# Final Project: Intermediate SQL Querying

In [2]:
# importing the necessary libraries
import csv, sqlite3, pandas as pd

In [3]:
# Establishing database connection and cursor objects
con = sqlite3.connect("FinalDB.db")
cur = con.cursor()

In [5]:
# loading sql magic and connecting to the FinalDB database

%load_ext sql

%sql sqlite:///FinalDB.db

The sql extension is already loaded.
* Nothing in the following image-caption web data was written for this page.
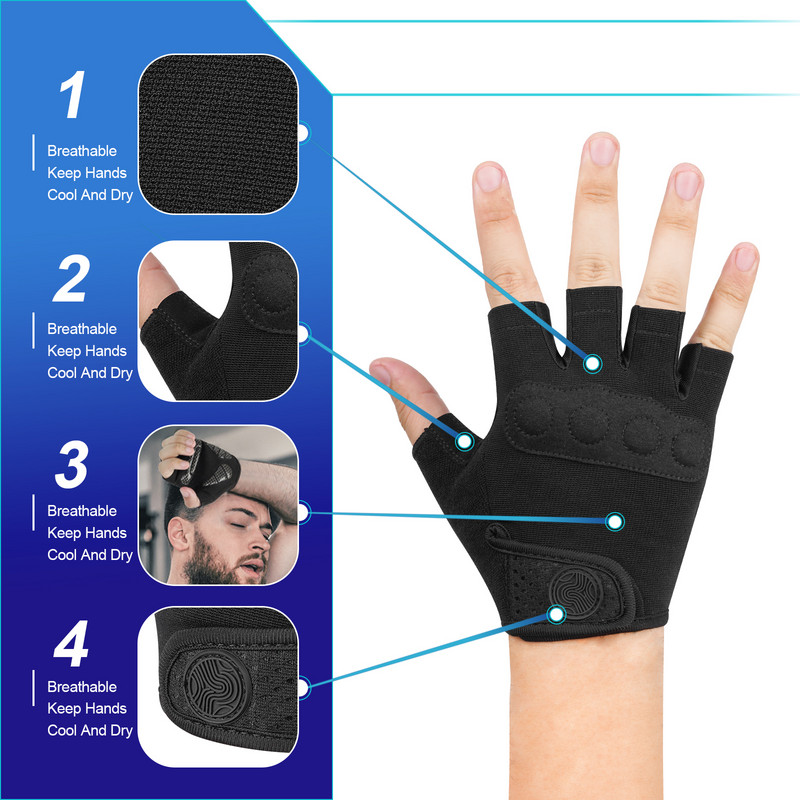 Kerékpáros kesztyűk Mountain Bike kesztyűk Half Finger Road Racing kerékpáros kesztyű Légáteresztő Lengéscsillapító kerékpáros kesztyű férfiaknak Női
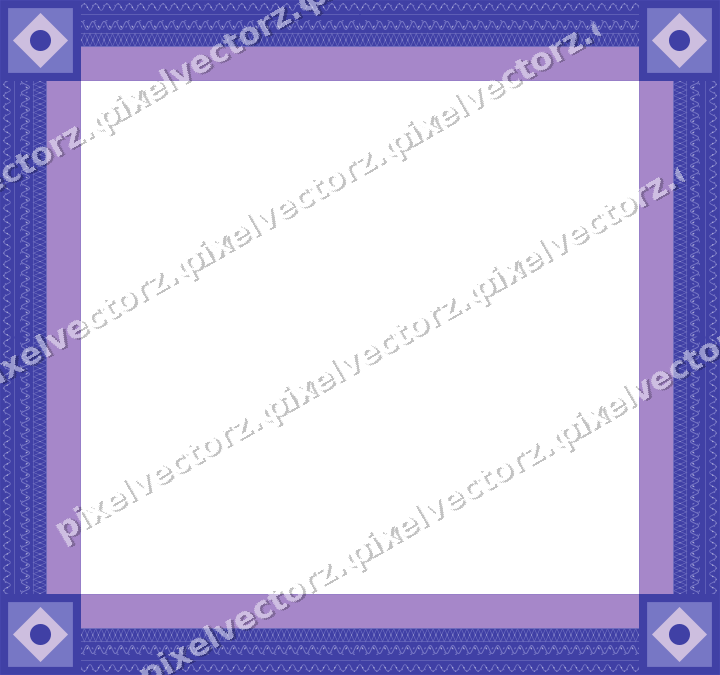Decorative picture frame border in purple and blue with scrolling vine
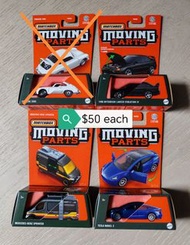 Matchbox Moving Parts Mitsubishi Lancer Evolution IV,  Porsche 356A, Tesla Model 3, Mercedes Benz Sp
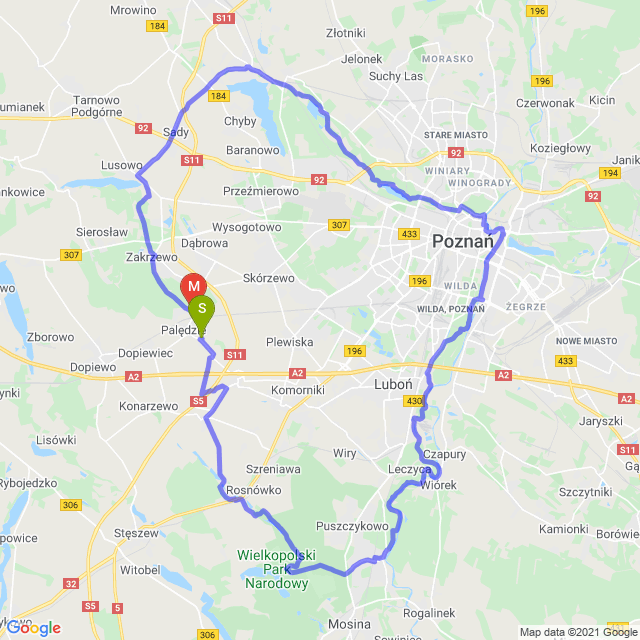 Mapa trasy Trochę większe kółko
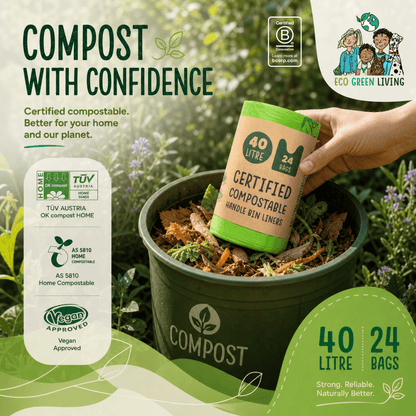 40L Bin Bags | 1 Roll of 24 Bags | Eco Green Living - EcoGreenLiving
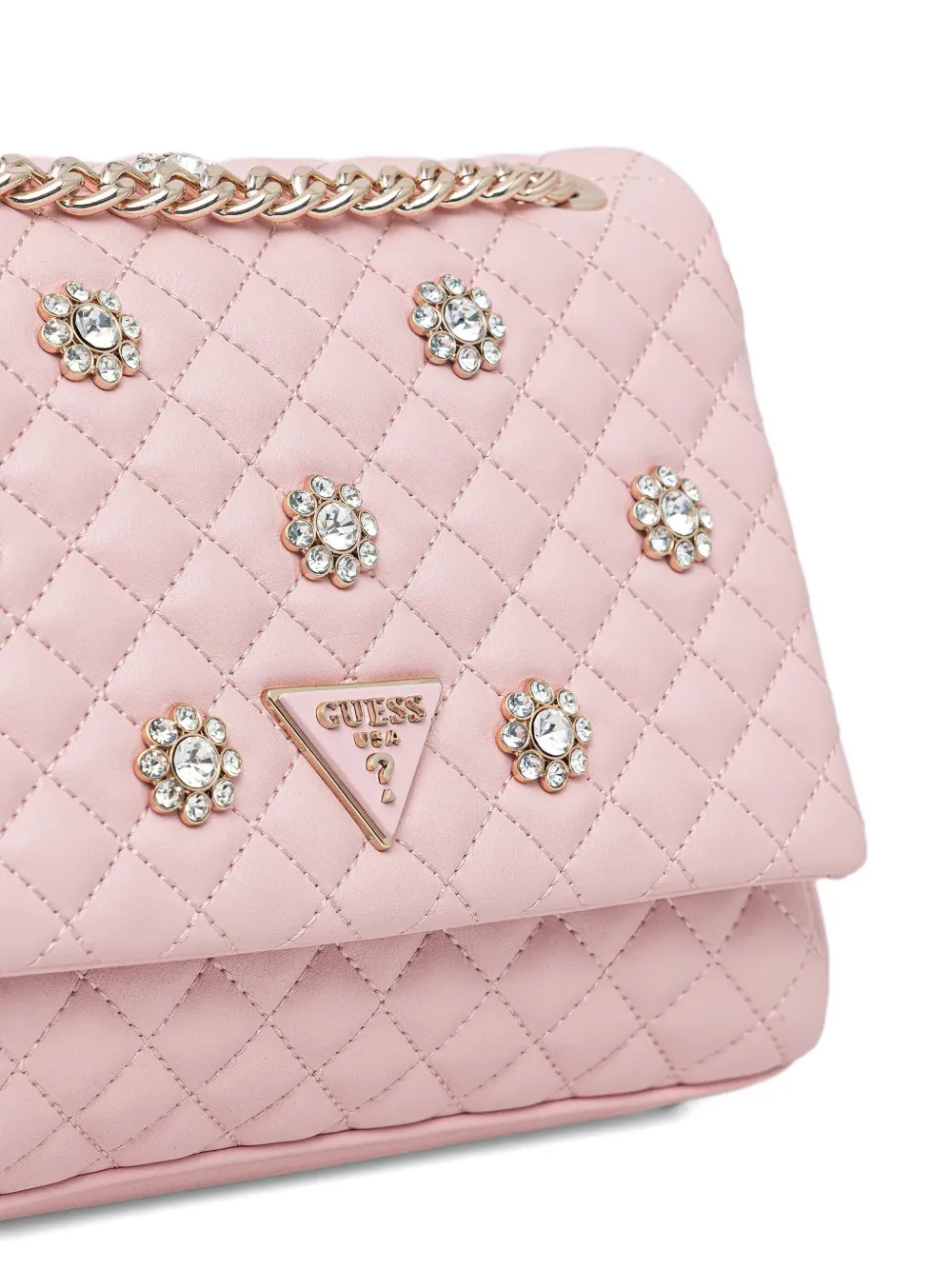 Guess Usa Mini Everlee Quilted Floral-appliqué Cross Body Bag In Pink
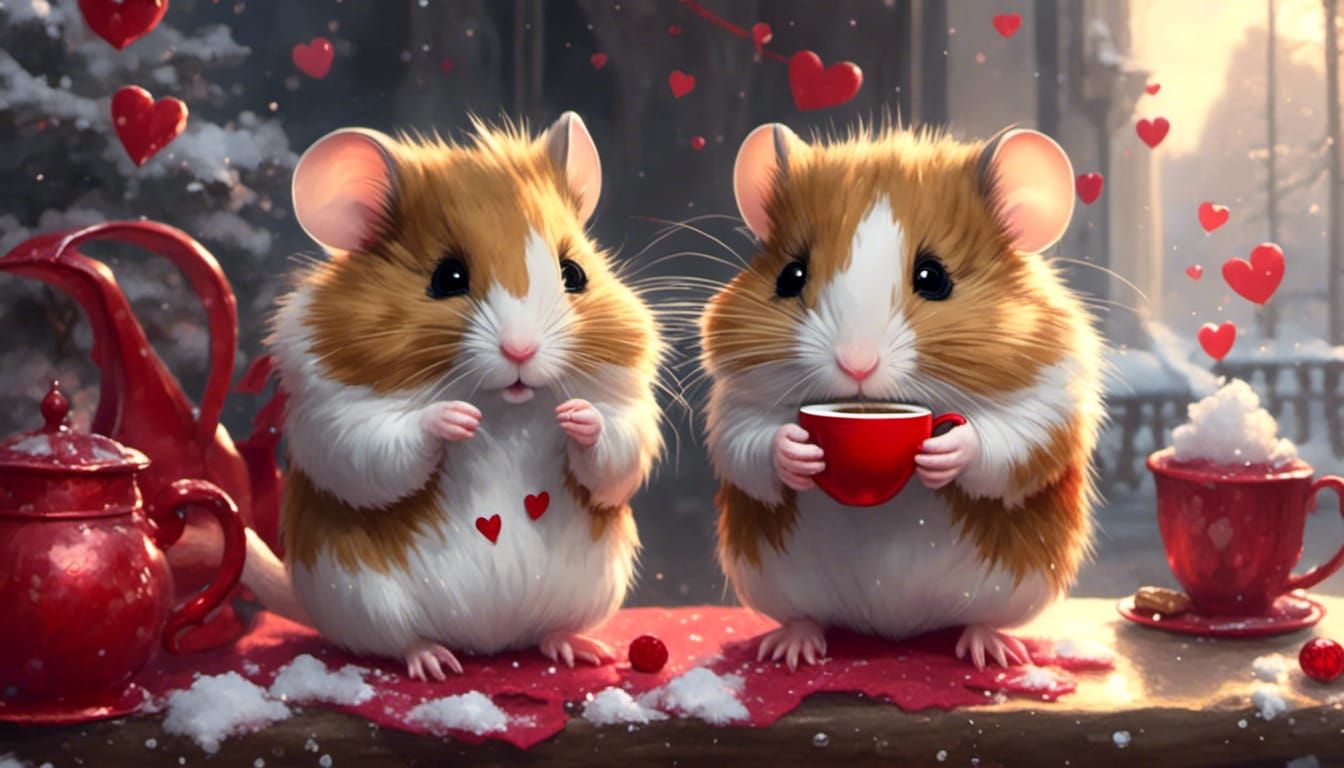<lora:mouse:1.0> cute hamster with coffee steaming valentine,snowy day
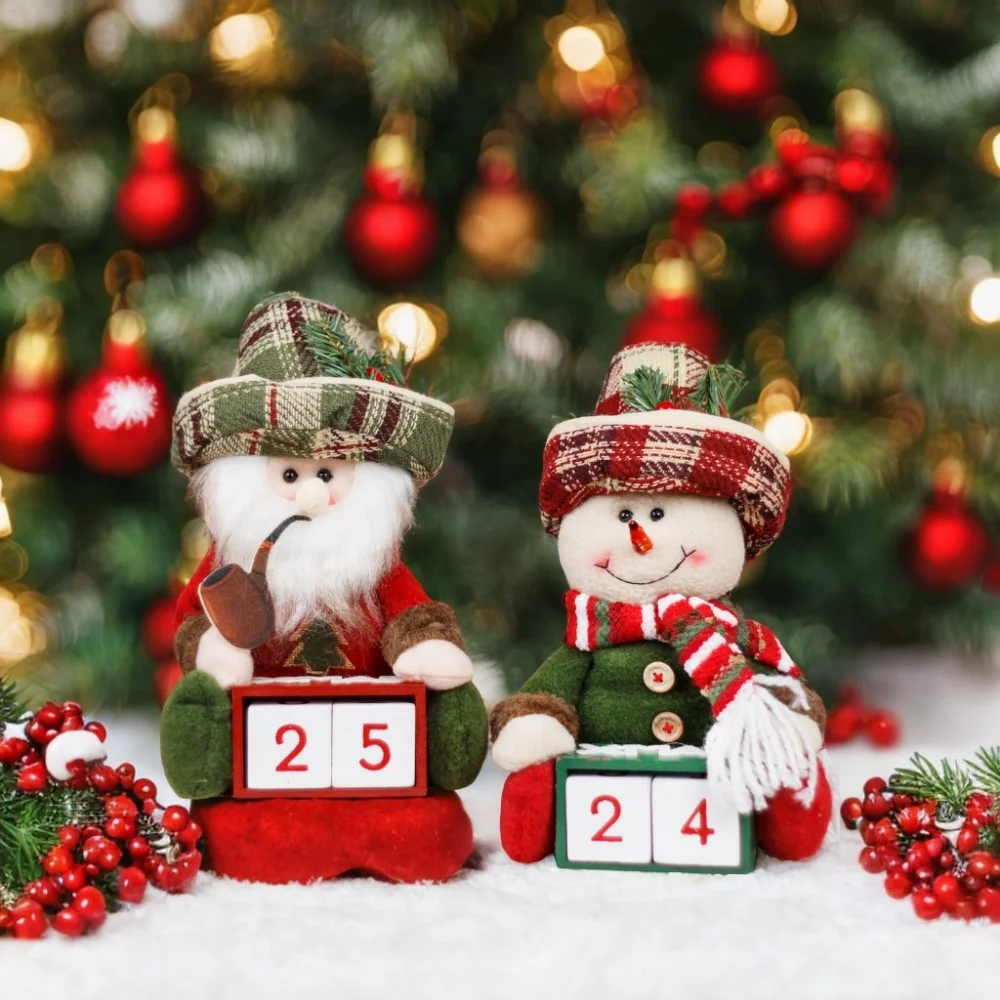 

Christmas Calendar Countdown Snowman Figurine Doll Ornaments Table Decorations Cartoon Winter Xmas Decor For Home Indoor Party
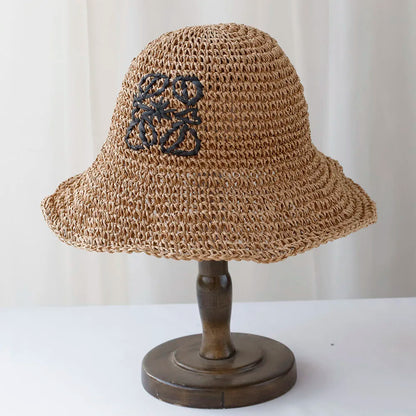 Handmade Letter Embroidery Straw Dome Bucket Hat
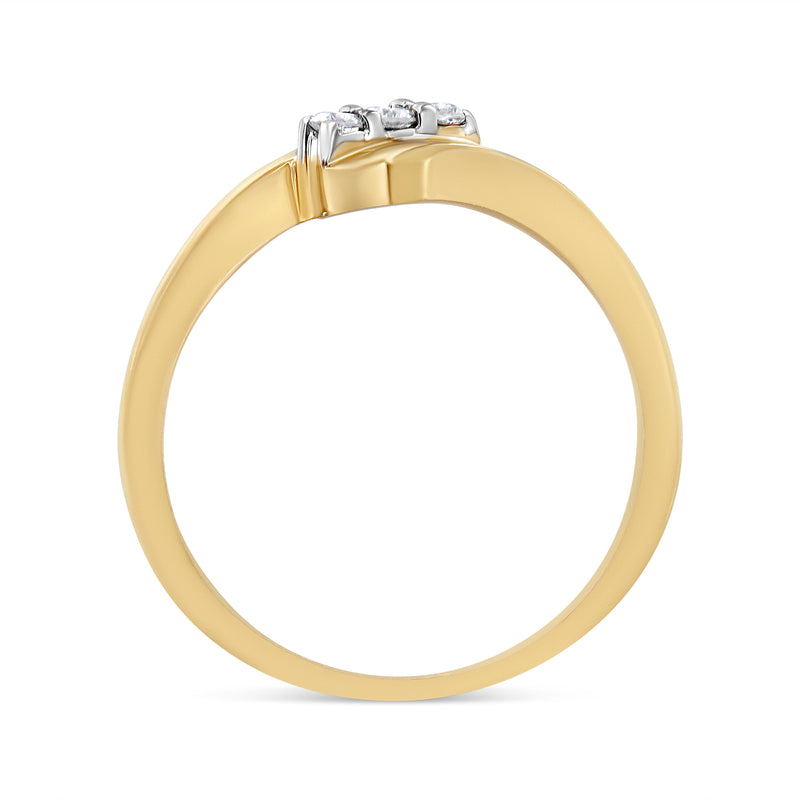 Bids.com 10K Yellow Gold over .925 Sterling Silver 1/10 Cttw Diamond Three-Stone Bypass Fashion Cocktail Ring ( I-J Color, I2-I3 Clarity) - Size 6 Rings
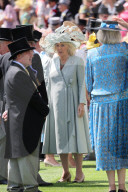 Racegoers arriving on the opening day of Royal Ascot, UK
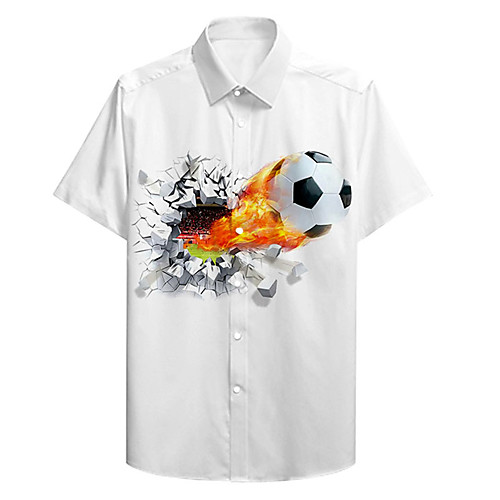 

Men's Shirt 3D Print Football Plus Size 3D Print Button-Down Short Sleeve Casual Tops Casual Fashion Breathable Comfortable White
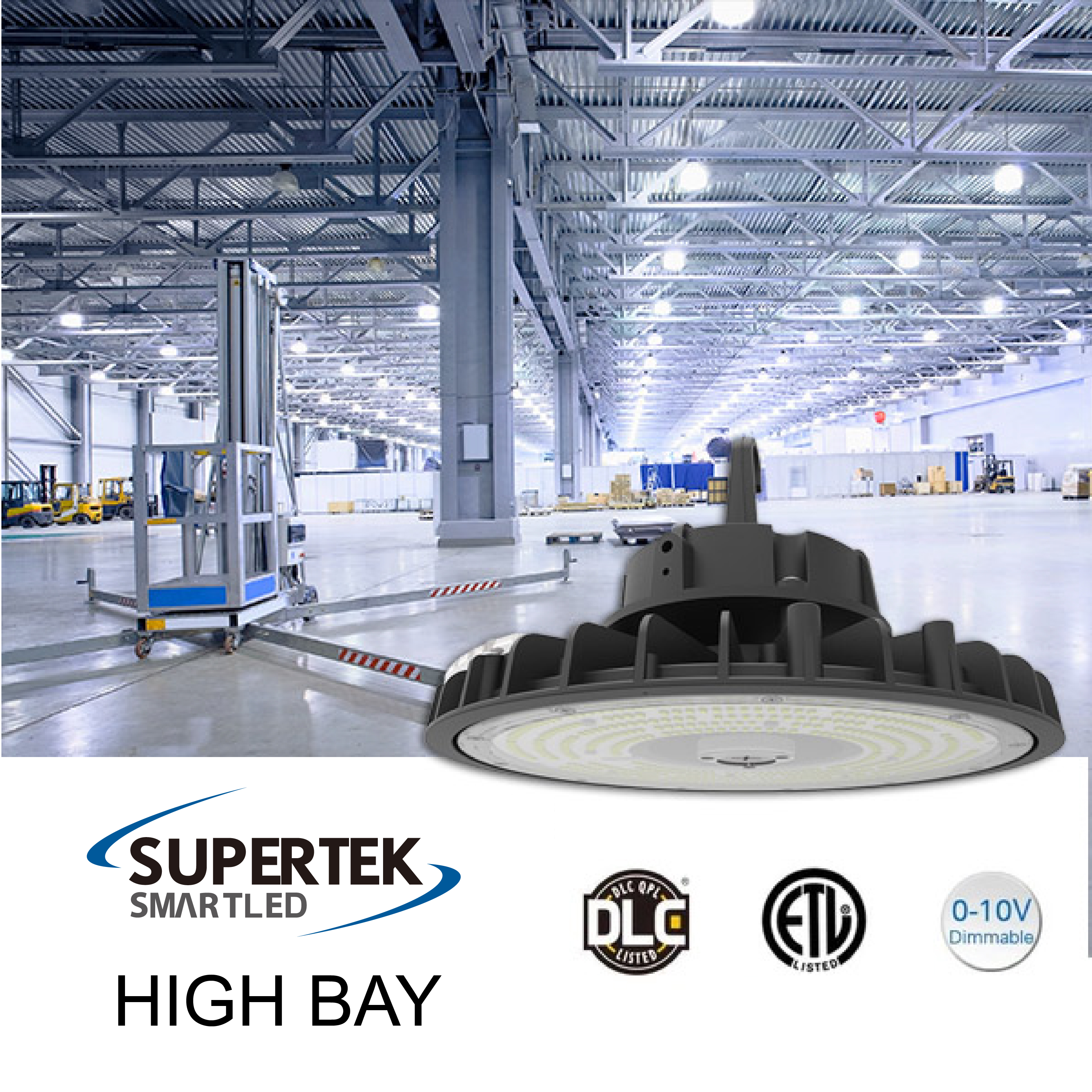 IP65 Industrial Pendant Lamp 100W photo sensor LED high bay light fixture for warehouse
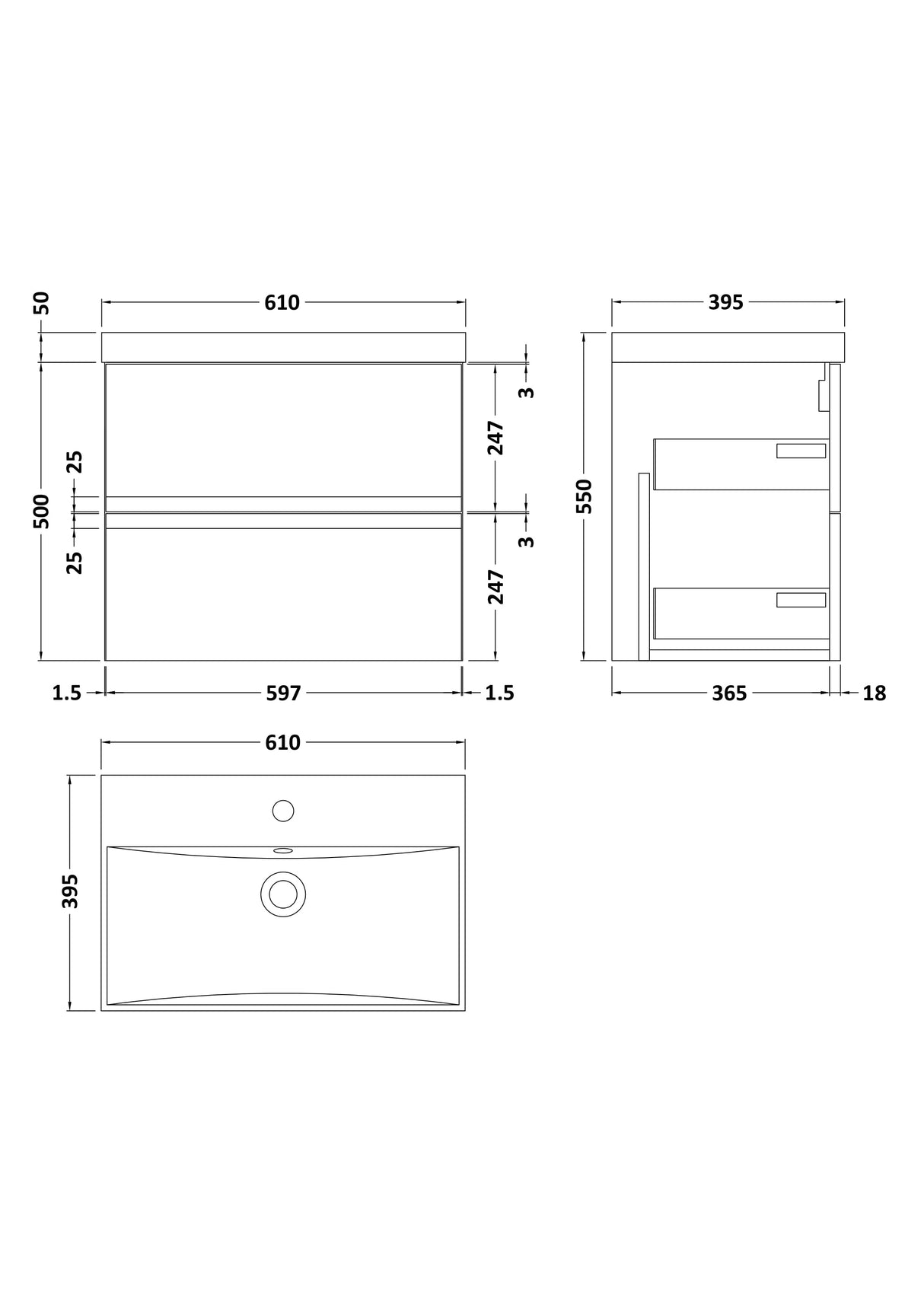 [BFRA1404D] Mavesyn Contemporary 2 Drawer Wall Hung Vanity Unit with Thin Edge Basin - Choice of Size and Colour - Technical Drawing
To reload it, use:
  %reload_ext sql


In [6]:
#downloading the datasets
from urllib.request import urlretrieve

urls = ["https://cf-courses-data.s3.us.cloud-object-storage.appdomain.cloud/IBMDeveloperSkillsNetwork-DB0201EN-SkillsNetwork/labs/FinalModule_Coursera_V5/data/ChicagoCensusData.csv?utm_medium=Exinfluencer&utm_source=Exinfluencer&utm_content=000026UJ&utm_term=10006555&utm_id=NA-SkillsNetwork-Channel-SkillsNetworkCoursesIBMDeveloperSkillsNetworkDB0201ENSkillsNetwork20127838-2021-01-01", 
        "https://cf-courses-data.s3.us.cloud-object-storage.appdomain.cloud/IBMDeveloperSkillsNetwork-DB0201EN-SkillsNetwork/labs/FinalModule_Coursera_V5/data/ChicagoPublicSchools.csv?utm_medium=Exinfluencer&utm_source=Exinfluencer&utm_content=000026UJ&utm_term=10006555&utm_id=NA-SkillsNetwork-Channel-SkillsNetworkCoursesIBMDeveloperSkillsNetworkDB0201ENSkillsNetwork20127838-2021-01-01", 
        "https://cf-courses-data.s3.us.cloud-object-storage.appdomain.cloud/IBMDeveloperSkillsNetwork-DB0201EN-SkillsNetwork/labs/FinalModule_Coursera_V5/data/ChicagoCrimeData.csv?utm_medium=Exinfluencer&utm_source=Exinfluencer&utm_content=000026UJ&utm_term=10006555&utm_id=NA-SkillsNetwork-Channel-SkillsNetworkCoursesIBMDeveloperSkillsNetworkDB0201ENSkillsNetwork20127838-2021-01-01"]
file_names = ["ChicagoCensusData.csv", "ChicagoPublicSchoolsData.csv", "ChicagoCrimeData.csv"]
table_names = ["Chicago_Census_Data", "Chicago_Public_Schools_Data", "Chicago_Crime_Data"]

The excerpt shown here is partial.